-------- Data for this task --------
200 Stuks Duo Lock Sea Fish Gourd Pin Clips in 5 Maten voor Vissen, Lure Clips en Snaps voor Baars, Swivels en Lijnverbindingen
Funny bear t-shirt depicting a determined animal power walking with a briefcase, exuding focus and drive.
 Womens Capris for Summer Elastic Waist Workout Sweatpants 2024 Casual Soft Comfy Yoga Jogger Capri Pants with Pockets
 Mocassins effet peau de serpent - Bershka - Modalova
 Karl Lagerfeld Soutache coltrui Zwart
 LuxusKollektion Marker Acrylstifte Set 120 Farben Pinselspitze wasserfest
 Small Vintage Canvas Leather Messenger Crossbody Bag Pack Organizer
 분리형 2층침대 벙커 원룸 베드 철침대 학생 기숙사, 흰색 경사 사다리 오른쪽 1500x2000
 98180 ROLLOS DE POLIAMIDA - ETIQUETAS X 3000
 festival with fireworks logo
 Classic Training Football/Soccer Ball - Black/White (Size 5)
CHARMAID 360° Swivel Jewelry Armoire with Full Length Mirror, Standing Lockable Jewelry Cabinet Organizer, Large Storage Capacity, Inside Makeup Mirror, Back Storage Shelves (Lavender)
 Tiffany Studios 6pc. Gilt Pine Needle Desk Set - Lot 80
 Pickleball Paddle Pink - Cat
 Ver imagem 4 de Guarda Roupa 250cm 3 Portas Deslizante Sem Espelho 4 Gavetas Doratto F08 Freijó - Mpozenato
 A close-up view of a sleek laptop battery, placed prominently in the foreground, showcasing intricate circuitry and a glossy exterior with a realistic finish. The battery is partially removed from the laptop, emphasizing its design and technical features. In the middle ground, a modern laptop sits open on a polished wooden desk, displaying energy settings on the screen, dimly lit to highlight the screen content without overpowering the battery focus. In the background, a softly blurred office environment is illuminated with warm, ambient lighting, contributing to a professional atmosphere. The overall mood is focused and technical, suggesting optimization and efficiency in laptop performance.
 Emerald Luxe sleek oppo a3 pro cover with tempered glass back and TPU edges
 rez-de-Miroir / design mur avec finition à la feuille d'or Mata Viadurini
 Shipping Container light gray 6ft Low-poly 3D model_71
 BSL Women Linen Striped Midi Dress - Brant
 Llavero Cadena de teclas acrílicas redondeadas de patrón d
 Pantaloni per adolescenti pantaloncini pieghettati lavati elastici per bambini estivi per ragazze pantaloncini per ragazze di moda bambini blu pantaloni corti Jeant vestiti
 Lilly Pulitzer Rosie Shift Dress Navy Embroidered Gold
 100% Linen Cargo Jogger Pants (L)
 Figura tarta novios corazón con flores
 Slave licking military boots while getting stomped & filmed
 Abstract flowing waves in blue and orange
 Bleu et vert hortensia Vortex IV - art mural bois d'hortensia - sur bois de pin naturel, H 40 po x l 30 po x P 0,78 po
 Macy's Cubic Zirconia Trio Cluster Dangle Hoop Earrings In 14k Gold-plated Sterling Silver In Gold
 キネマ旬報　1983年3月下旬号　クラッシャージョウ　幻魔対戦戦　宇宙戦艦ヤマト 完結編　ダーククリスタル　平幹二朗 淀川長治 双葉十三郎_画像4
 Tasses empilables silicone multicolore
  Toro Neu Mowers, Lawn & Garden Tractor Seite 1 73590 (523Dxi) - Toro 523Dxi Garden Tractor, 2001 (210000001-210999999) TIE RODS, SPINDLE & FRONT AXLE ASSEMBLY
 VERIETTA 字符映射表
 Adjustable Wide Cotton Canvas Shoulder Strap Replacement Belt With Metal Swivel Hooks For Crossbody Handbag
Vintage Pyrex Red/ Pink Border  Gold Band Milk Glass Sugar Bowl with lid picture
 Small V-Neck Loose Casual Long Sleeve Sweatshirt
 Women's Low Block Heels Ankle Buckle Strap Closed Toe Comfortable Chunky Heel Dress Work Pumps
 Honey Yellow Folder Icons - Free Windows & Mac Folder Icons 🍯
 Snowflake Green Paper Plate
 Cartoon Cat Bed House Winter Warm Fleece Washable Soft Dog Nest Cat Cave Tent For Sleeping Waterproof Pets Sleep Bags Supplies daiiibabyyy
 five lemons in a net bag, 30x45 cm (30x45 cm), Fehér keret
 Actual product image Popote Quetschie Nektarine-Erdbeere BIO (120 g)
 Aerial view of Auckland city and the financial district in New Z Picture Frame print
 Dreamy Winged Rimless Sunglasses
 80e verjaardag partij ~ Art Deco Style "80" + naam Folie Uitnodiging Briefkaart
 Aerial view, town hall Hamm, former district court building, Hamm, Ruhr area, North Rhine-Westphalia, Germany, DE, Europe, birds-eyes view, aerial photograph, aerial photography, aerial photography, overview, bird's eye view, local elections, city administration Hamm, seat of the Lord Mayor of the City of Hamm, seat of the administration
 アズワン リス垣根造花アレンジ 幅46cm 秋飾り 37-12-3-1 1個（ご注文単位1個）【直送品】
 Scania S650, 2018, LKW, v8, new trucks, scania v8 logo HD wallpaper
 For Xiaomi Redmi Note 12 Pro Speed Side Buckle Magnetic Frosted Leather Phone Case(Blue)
--------
→ Assignment
Reproduce the line containing "Cartoon Cat Bed" and every line after it. Stop at the last line of the records, and add nothing.

→ Reply
 Cartoon Cat Bed House Winter Warm Fleece Washable Soft Dog Nest Cat Cave Tent For Sleeping Waterproof Pets Sleep Bags Supplies daiiibabyyy
 five lemons in a net bag, 30x45 cm (30x45 cm), Fehér keret
 Actual product image Popote Quetschie Nektarine-Erdbeere BIO (120 g)
 Aerial view of Auckland city and the financial district in New Z Picture Frame print
 Dreamy Winged Rimless Sunglasses
 80e verjaardag partij ~ Art Deco Style "80" + naam Folie Uitnodiging Briefkaart
 Aerial view, town hall Hamm, former district court building, Hamm, Ruhr area, North Rhine-Westphalia, Germany, DE, Europe, birds-eyes view, aerial photograph, aerial photography, aerial photography, overview, bird's eye view, local elections, city administration Hamm, seat of the Lord Mayor of the City of Hamm, seat of the administration
 アズワン リス垣根造花アレンジ 幅46cm 秋飾り 37-12-3-1 1個（ご注文単位1個）【直送品】
 Scania S650, 2018, LKW, v8, new trucks, scania v8 logo HD wallpaper
 For Xiaomi Redmi Note 12 Pro Speed Side Buckle Magnetic Frosted Leather Phone Case(Blue)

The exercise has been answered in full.